Business Systems Make Pivoting Easier

The businesses with quality systems and technology to support them, found ‘pivoting’ was a lot easier. 

Whether back-to-work plans included simple modifications, a whole new business model, or something of a hybrid approach, we are reminded that updating and documenting systems is important.  Here are a few things to consider:

  • Hiring people is on the rise. Training and helping them to succeed without documented systems is far more difficult.
  • Getting customers back (or getting new ones) is a priority.  Consistent methods to implement your strategies are important for results.
  • Defining your customer experience is easy. Delivering on your promise time and again is more difficult without systems and technology to support your efforts. 

Business Systems | How to Get It Done

Whether you simply need to update what you have or build them from scratch, here is some good news. You can do it while you continue to grow your business. Here’s the best way to approach it.

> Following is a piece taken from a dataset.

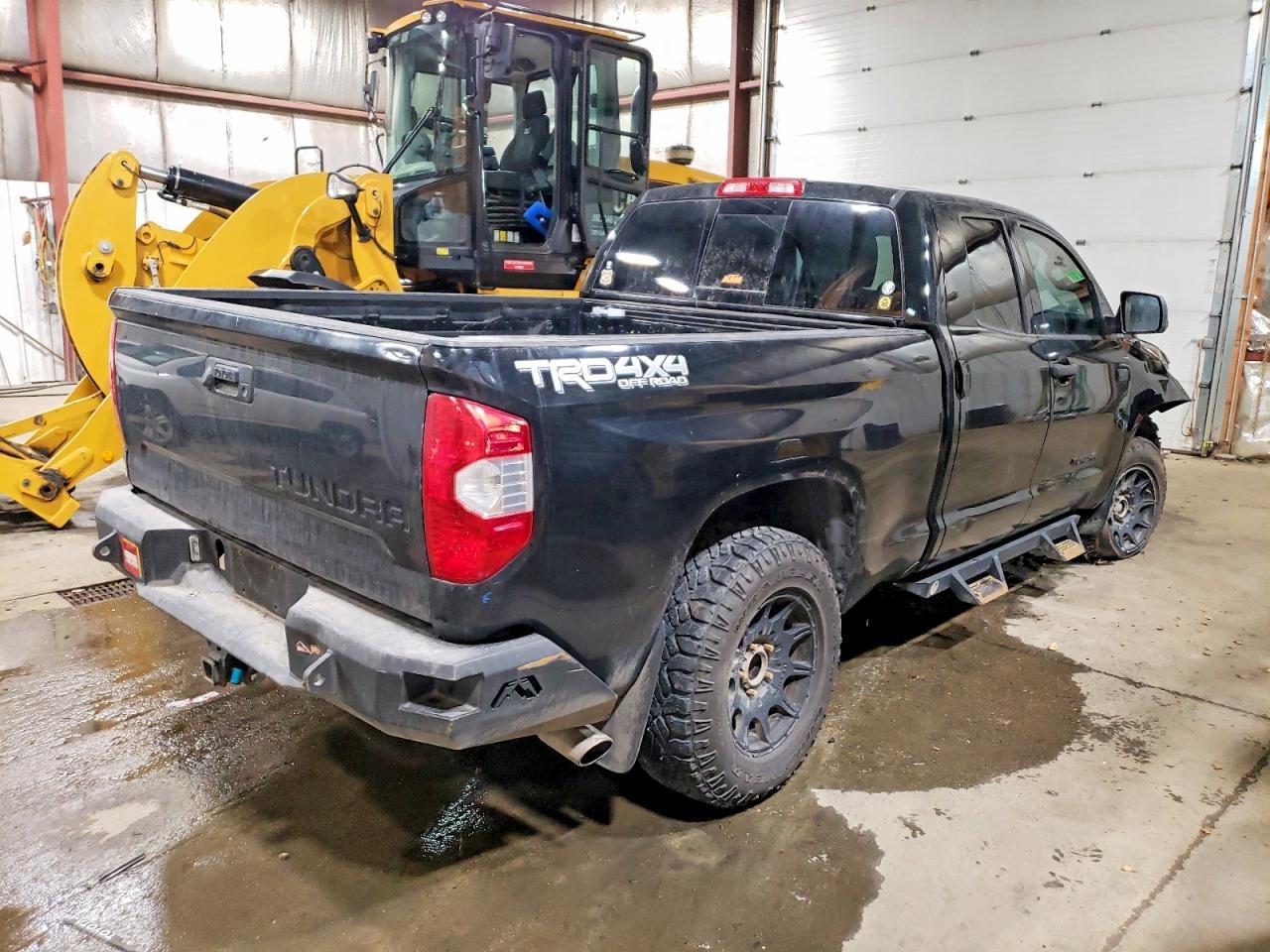 2015 Toyota Tundra Sr5 - Фото 3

Set the right goal.  Yes, I’m also a big advocate of setting goals! Avoid setting a goal to complete a how-to manual. It is just plain boring and overwhelming.  Instead, set a goal to build systems into your business – as you are building it.  You will eventually end up with a practical, how-to manual, but you’ll build profit and efficiency along the way to keep you motivated.

Take it one procedure at a time.  For every system you document and implement, you will see improvements in efficiency, productivity, and profit.  So you don’t need to reach the end of the project (a how-to-manual) to see results:  more sales, customers, profit, control, and freedom.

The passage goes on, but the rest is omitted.